Extended June MSI Maintenance – June 5-7, 2024
Summary
MSI reserves the first Wednesdays each month for maintenance tasks on its various computing, storage, and infrastructure systems. The next maintenance period, however, will be extended for 1-2 extra days in order for more upgrades to be completed to make MSI a more reliable and more capable resource for U of M researchers.
You will not be able to use the HPC clusters from 5 a.m. Wednesday June 5, until at least the evening of Thursday, June 6.
MSI June Maintenance | ||||||
Wed | Wed | Thu | Thu | Thu | Thu | |
June 5 | June 5 | June 6 | June 6 | June 7 | June 7 | |
Service | ||||||
Storage - Panasas | Down | Restoring | Up | Up | Up | Up |
Storage - VAST | Up | Up | Up | Up | Up | Up |
Tier 2 Storage | Up | Up | Up | Up | Up | Up |
Stratus | Up | Up | Up | Up | Up | Up |
LM&P Pipelines | Down | Down | Down | Restoring | Up | Up |
HBCD Pipelines | Down | Down | Down | Restoring | Up | Up |
Agate Cluster | Down | Down | Down | Restoring | Up | Up |
Mangi Nodes | Down | Down | Down | Down | Down | Restoring |
Mesabi Cluster | Down | Down | Retired | Retired | Retired | Retired |
Detailed information on the outages
Power Infrastructure
The most time-consuming effort for the next maintenance period will be the replacement of our three data center Uninterruptable Power Supplies (UPS), which have reached their end of life. The planning to install their replacements started over a year ago, and construction started in early 2024. Assuming the final testing of the new systems goes well during the last week of May, the switchover to the three new systems will occur sequentially on Wednesday, June 5; Thursday, June 6; and Friday, June 7.
We expect core MSI storage systems to be fully available again by the end of day Wednesday, June 5. However, all of our HPC clusters will be unavailable until at least the end of Thursday, see below.
Agate maintenance
The main Agate cluster, and associated services such as Open OnDemand, will return to service after the second UPS switchover, by the evening of Thursday, June 6.
Mesabi retirement
As previously announced, our nearly decade-old cluster Mesabi will be retired from service. More information on the SLURM partitions to be retired can be found at the Mesabi Retirement webpage.

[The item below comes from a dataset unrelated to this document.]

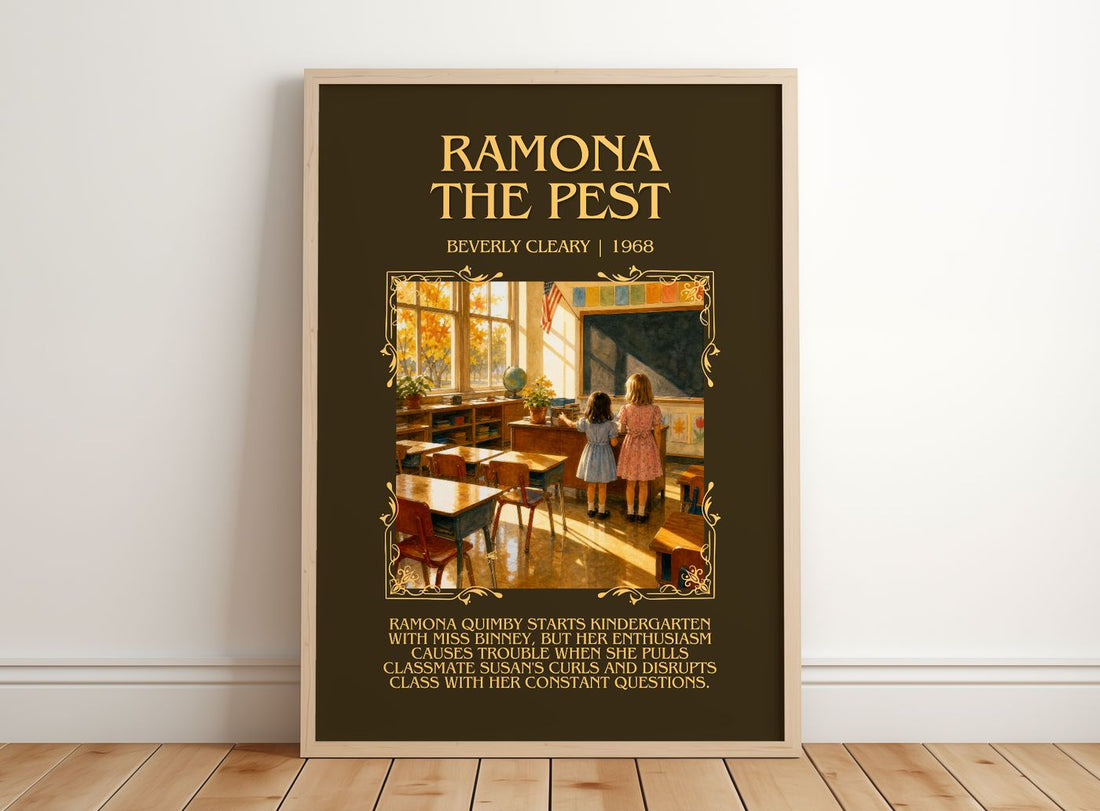 Ramona the Pest Minimalist Book Poster by Beverly Cleary – framed print leaning on a wooden floor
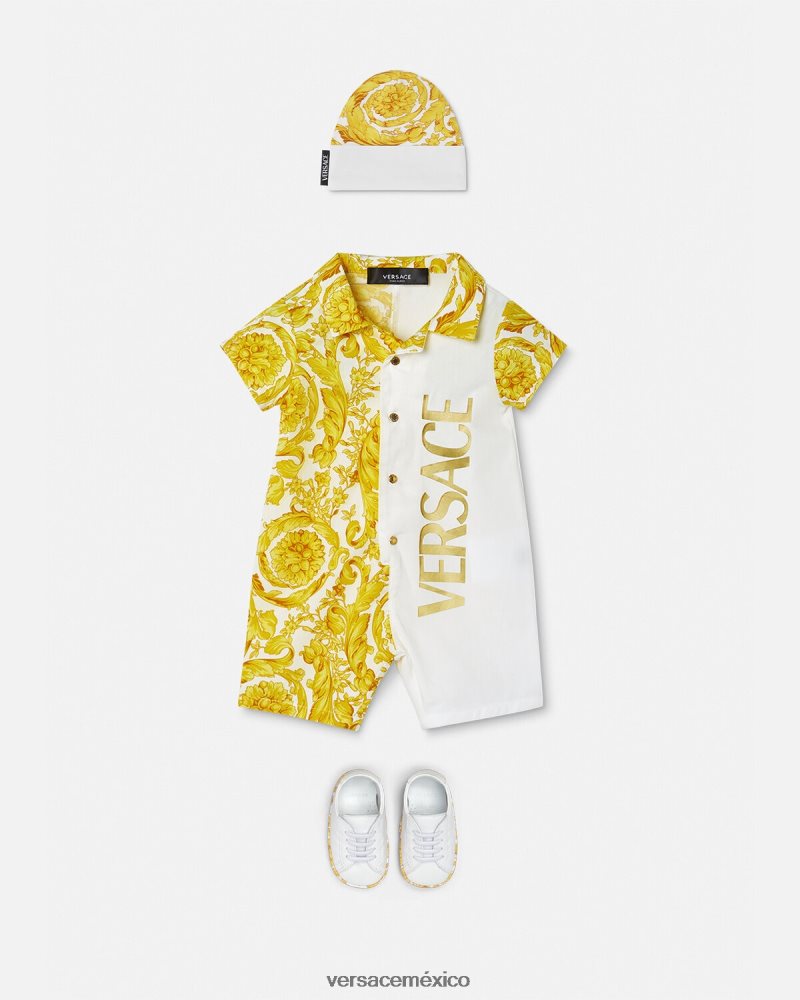 Versace mameluco de bebé barroco Oro blanco ropa niños 84626J1819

If you have only done your computing on Mesabi, and/or ignored messages about the new operating system on Agate, here is a guide assisting you in the transition from CentoOS 7 to the Rocky8 operating system.
Mangi nodes transition
After the final UPS switchover on Friday, June 7, the relatively newer expansion compute nodes attached to Mesabi (known as “Mangi”) will be reassociated with the Agate cluster, while also getting the same Rocky8 operating system loaded so all of the nodes are aligned. This operation is targeted to be complete by Friday evening.
Movement of all Notebooks applications to Open OnDemand
During this maintenance, the stand-alone Jupyter Notebooks service will be taken down, as previously announced. Tens of thousands of Notebooks sessions have been run on MSI’s deployed Open OnDemand service, which is more capable, making the original service redundant.
Expansion of the Agate cluster
Although not in the plans for the June maintenance, all of the activity being done will help lay the groundwork for bringing a supplemental set of hardware to expand the Agate cluster later in 2024. Delivery, provisioning, setup, and testing of this new hardware is all coming at future dates. Keep an eye on news from MSI about the new hardware.